Amanuel is in the United States legally. 1951 works exclusively with legal refugees, those granted asylum or holders of special immigrant visas such as Amanuel, whose country will not allow him to return for three years or more because he left without proper documentation. He is wary and protects himself by limiting the use of his full name.
Like other participants in the barista training program co-founded by Doug Hewitt and Rachel Taber in 2015 and launched in June 2016, there are few limitations on Amanuel’s ambition and work ethic. “If I practice more, I get confidence,” he said, applying the principle to refining his English; providing swift, American-style customer service; and improving his coffee-making ability.
1951 Coffee Company provides refugees resettled in the Bay Area with assistance through vocational education at the training facility at Regeneration Church in Oakland and employment at the company’s café on Channing Way in Berkeley. Interview, application and job training has graduates of the program finding work at Blue Bottle, Dropbox, Starbucks and other specialty coffee establishments.
The company name is inspired by the year the Union Nations defined and set guidelines to protect refugees.
A $63,000 “Opportunity for All” Starbucks Foundation grant announced in mid-August will allow 1951 to train an additional 85 baristas over the next year.

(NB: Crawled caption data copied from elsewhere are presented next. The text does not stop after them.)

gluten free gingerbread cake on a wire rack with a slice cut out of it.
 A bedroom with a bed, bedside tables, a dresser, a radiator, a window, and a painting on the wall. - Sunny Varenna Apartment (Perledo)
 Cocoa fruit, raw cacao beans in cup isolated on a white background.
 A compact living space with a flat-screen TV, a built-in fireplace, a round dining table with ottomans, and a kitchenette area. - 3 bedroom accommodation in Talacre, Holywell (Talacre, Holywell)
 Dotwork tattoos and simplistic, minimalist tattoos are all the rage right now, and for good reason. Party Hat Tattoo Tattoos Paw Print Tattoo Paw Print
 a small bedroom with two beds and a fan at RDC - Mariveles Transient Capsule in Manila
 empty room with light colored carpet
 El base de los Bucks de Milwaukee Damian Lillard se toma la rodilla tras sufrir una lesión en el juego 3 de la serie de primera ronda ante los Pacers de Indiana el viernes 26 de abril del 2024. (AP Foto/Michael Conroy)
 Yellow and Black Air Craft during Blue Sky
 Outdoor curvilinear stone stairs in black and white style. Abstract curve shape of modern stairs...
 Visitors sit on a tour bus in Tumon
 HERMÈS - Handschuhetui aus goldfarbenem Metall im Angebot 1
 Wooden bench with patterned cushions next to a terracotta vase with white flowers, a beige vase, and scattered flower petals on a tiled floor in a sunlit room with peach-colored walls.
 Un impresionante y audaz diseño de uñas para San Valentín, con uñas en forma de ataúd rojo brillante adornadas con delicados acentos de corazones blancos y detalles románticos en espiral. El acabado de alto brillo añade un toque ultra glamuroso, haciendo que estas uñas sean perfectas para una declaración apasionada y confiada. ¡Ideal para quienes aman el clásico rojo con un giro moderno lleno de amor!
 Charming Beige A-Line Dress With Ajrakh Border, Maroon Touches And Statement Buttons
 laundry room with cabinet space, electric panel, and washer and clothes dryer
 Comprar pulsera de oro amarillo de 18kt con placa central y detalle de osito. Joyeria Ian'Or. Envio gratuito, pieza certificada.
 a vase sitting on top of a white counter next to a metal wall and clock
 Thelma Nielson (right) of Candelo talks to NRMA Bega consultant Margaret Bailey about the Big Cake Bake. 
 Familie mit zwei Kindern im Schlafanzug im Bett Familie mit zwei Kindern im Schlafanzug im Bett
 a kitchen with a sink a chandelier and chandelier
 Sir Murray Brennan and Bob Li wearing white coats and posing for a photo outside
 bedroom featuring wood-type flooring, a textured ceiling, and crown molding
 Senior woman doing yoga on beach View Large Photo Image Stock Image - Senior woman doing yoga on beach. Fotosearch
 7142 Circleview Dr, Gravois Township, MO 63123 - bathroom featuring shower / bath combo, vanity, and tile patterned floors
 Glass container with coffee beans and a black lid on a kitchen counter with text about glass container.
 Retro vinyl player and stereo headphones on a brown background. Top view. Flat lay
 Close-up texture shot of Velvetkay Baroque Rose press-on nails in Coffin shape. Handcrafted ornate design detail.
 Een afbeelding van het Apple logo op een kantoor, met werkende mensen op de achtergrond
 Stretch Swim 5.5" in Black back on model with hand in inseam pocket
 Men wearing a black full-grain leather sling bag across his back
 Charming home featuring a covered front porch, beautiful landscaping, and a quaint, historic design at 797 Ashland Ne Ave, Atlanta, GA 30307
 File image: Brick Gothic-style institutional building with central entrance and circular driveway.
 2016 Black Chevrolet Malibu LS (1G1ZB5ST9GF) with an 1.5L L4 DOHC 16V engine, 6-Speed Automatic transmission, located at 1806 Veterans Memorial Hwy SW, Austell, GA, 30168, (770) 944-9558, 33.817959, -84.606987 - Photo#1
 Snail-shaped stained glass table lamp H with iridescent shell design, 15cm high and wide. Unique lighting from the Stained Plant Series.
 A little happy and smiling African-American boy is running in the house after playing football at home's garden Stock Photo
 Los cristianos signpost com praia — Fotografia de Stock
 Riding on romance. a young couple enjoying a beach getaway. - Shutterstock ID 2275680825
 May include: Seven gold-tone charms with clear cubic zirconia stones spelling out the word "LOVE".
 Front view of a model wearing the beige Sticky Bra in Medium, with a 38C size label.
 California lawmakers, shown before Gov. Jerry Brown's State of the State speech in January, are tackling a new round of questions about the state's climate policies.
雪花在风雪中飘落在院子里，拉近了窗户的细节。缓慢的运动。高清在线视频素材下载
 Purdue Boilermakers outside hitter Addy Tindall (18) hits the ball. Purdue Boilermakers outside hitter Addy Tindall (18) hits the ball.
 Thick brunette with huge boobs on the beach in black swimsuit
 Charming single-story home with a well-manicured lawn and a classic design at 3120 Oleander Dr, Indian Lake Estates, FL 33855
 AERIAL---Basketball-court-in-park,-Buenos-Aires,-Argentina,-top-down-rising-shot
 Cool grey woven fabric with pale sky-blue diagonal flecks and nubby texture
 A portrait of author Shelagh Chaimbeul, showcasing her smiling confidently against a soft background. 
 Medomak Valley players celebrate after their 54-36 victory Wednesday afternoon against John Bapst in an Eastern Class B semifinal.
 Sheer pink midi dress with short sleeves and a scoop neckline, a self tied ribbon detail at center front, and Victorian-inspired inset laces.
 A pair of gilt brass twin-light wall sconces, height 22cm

Hewitt said being selected by Starbucks as one of 41 nonprofits to receive support means not only accelerated expansion in Oakland, but also an opportunity to expand the program and serve unmet needs of refugees in other cities in the United States. The 36-year-old Oakland resident’s backstory—a tale of strangers’ serendipitous generosity and intentional career interests—explains how he came to appreciate the value of refugee assistance operations.
“I lived in China for two years and when I first arrived, I was looking for a place to live. A Chinese man who was an English teacher overheard me talking in a grocery store. He offered to help in any way; he found me a landlord, an apartment. He became a friend,” Hewitt said.
Moving to California in 2007 to study theology and intercultural studies at Golden Gate Seminary placed Hewitt behind a counter at a Starbucks. A co-worker’s long, complicated journey from Eritrea to Marin sparked and continues to fuel Hewitt’s interest in refugee rescue programs.
The hardest part of educating people about refugees and asylum seekers is weeding through misinformation. “You’re not starting from a positive position. A refugee doesn’t come to the U.S. looking at just good schools and good jobs. Their deep longing is to be at home, but staying at home is not an option and they must make the best of it,” he said.
Speaking English, learning high-level skills and building confidence are the hardest arcs to crest for the seven students in the current course who arrived from Eritrea, China and Syria.
Amy, who asks that her full name not be used to protect the safety of family still in China, arrived in 2015.
“I was alone. I didn’t know anyone, had no friend. Where was bank? Where was job?” she said.
She found employment and community through generosity like that which Hewitt experienced. Strangers she met at church hired her to teach math and help their mostly English-speaking Chinese-American children improve their Chinese.
Amy is now a graduate student studying accounting at Golden Gate University. “I want to be a professional CPA,” she said. “With this training, I can make money for food, rent, school. I can practice my English. Here, there is always opportunity.”
Opportunity made real is found in Meg Karki. The 28-year-old refugee, a legal U.S. citizen as of 2016, left Bhutan after he and his Hindu family were ousted in 1990. After 19 years in a refugee camp, Karki at last joined his parents in 2011 following a four-year application process.
“I came here with hope. In the camp, there was such hardship, but here, everything is easy,” he said.
But it wasn’t simple. With a high school education but a blank job resume, Karki said support from European-based International Rescue Committee found him work at Chipotle and led him to 1951’s program.
“Now I am a trainer. I can give students an idea of what can be done in this country,” he said.
Karki said he also receives education from his students.
“They’re hard-working, willing. They don’t want to get social service benefits sitting at home. They want work. What I’ve learned is that they never quit,” he said.